The team demonstrated the project at the South by Southwest festival this year, and the experience was mind-bending for Liew.

"Our booth was across the hall from NASA, and they had a Mars habitat. Whereas we had a system that was sewn together with my mom's sewing machine," she said, with a laugh.

Still, she said they received great feedback during the conference. Out of 38 VR demonstrations, REINVENT won a special prize: special jury recognition for innovative use of virtual reality technology in the field of health.

"Most of the demonstrated uses for VR are gaming or entertainment right now," Liew pointed out. "But the future has got to include VR for health care, too."

Are people in the future going to be controlling houses and cars with their brains? Liew thinks it's unlikely.

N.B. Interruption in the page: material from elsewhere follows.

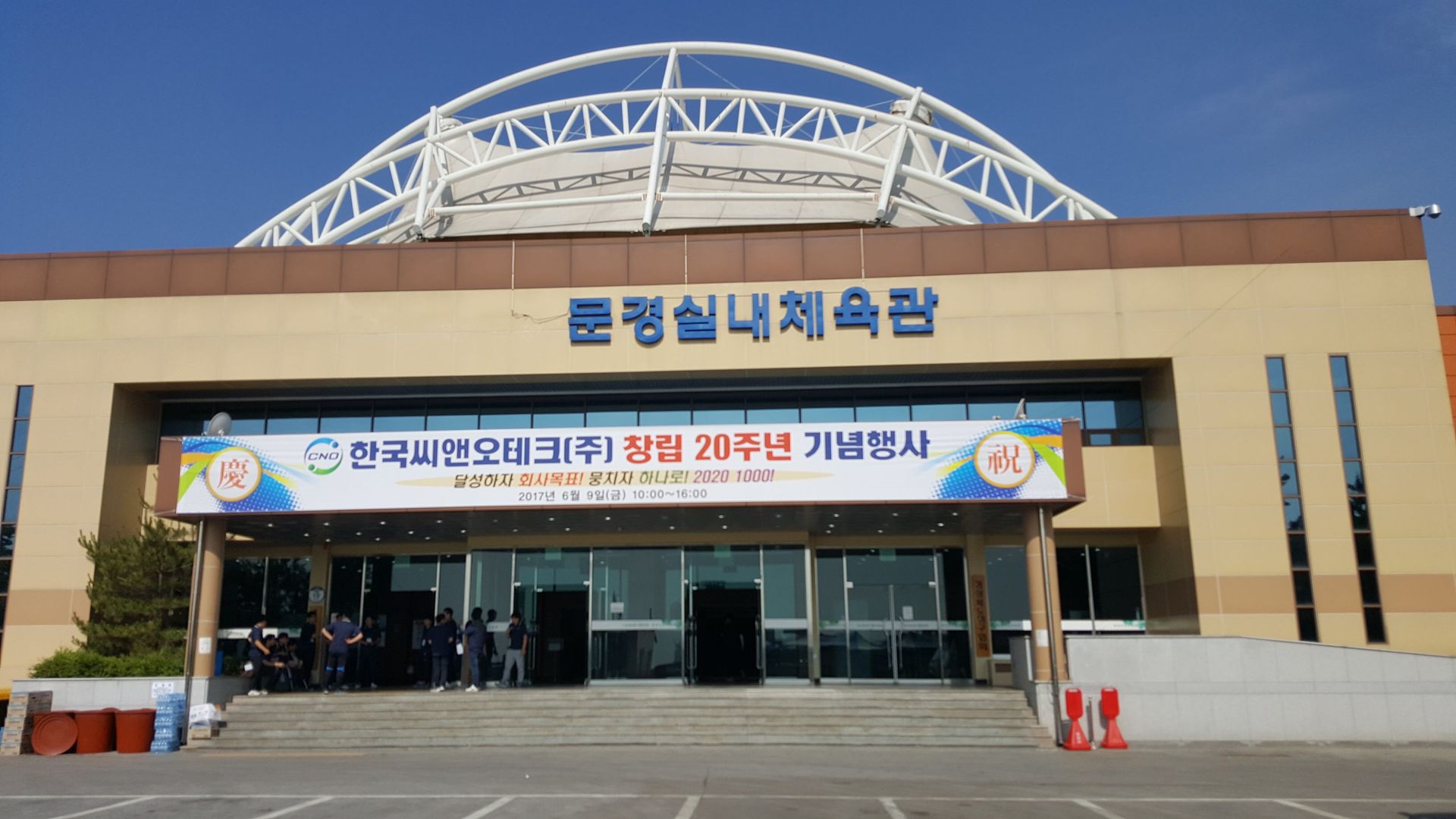 문경 (주)한국 씨앤오테크 창립 20주년 기념 체육대회 오찬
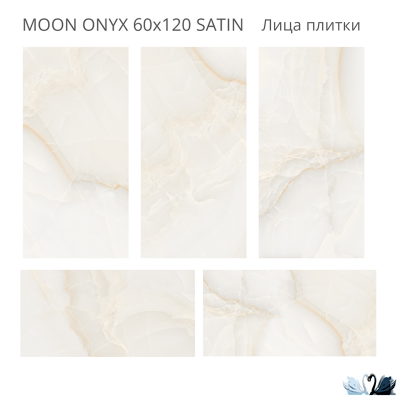 Керамогранит Staro Luna Rossa Moon Onyx Satin 60х120 см сатинированный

"If you can use your hands, your brain has lots of experience telling your hand to manipulate things," she said. "The area where VR is the most useful is where they allow us to do things we can't otherwise do." That could include, for example, immersive worlds to distract people while they're getting chemo in the hospital. "It's a way to take your body out of a situation," Liew said.

David Krum, a computer scientist on the team, agrees.

"Everyone is excited about entertainment, but there are other uses for VR," he said. "A lot of companies are more interested in monetizing games. Some of these other applications are a really important social good, but the economics of it are different."

Liew sees VR as a true interdisciplinary venture: "It's a blend of tech, industry, science and the clinic," she said. "It really takes it to a whole new level."